Loke Wan Tho
Tan Sri Loke Wan Tho 陸運濤 (14 June 1915, Kuala Lumpur, Selangor, British Malaya — 20 June 1964, Taichung, Taiwan) was a Malaysian-Singaporean business magnate in the nascent film industry, an ornithologist, and a gifted photographer.
The founder of Cathay Organisation in Singapore and Malaysia, and Motion Picture and General Investments Limited (MP&GI) in Hong Kong, he developed the cinema houses launched by his mother and produced Malaysian features movies.
Active in the film industry, he also invested his vast wealth in tourism, coconut plantations, and came to be the chairman of Malaysian Airlines.
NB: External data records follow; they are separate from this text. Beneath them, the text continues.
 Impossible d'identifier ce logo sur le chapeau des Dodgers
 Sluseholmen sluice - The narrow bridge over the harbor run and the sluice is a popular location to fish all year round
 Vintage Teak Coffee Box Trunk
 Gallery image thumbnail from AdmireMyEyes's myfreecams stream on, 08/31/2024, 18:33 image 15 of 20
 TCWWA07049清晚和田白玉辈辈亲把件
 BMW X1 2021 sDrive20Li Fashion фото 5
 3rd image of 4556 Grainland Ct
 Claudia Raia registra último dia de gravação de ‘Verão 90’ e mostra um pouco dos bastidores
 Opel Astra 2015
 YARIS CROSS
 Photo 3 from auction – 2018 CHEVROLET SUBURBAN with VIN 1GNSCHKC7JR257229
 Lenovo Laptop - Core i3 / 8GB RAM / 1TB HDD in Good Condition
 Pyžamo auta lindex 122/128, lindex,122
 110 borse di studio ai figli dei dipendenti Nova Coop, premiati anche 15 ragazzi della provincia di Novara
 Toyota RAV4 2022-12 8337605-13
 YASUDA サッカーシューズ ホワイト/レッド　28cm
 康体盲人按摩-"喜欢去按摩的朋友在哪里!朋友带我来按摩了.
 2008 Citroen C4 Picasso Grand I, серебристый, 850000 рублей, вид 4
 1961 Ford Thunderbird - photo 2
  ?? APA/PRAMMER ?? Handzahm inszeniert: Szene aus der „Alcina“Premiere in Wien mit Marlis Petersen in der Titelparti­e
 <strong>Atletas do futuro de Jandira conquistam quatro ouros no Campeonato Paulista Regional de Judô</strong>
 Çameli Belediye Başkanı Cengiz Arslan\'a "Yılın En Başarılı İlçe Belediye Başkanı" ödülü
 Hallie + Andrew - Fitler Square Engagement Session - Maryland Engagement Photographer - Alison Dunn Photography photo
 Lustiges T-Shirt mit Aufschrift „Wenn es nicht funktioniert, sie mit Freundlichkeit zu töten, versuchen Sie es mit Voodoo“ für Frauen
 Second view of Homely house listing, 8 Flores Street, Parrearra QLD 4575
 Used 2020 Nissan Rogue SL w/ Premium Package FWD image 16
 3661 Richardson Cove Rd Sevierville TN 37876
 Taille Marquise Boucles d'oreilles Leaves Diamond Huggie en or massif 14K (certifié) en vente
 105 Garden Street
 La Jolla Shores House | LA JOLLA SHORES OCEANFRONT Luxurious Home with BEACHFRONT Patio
He photographed birds, took gorgeous photographs of Angkor while visiting the site with British diplomat Malcolm McDonald, and developed the technique of colored portrait photography, many of his prints being kept at the National Museum of Singapore.
Loke had barely escaped death in 1942, when the ship on which he was fleeing the Japanese invasion was sunk. On June 20 1964, he and his third wife, Mavis Chew — he had divorced Kay White and Christina Lee earlier — perished in the crash of Civil Air Transport (a front company for CIA civil operations) Flight B‑908 during take-off in Taichung, after they had attended the 11th Asian Film Festival.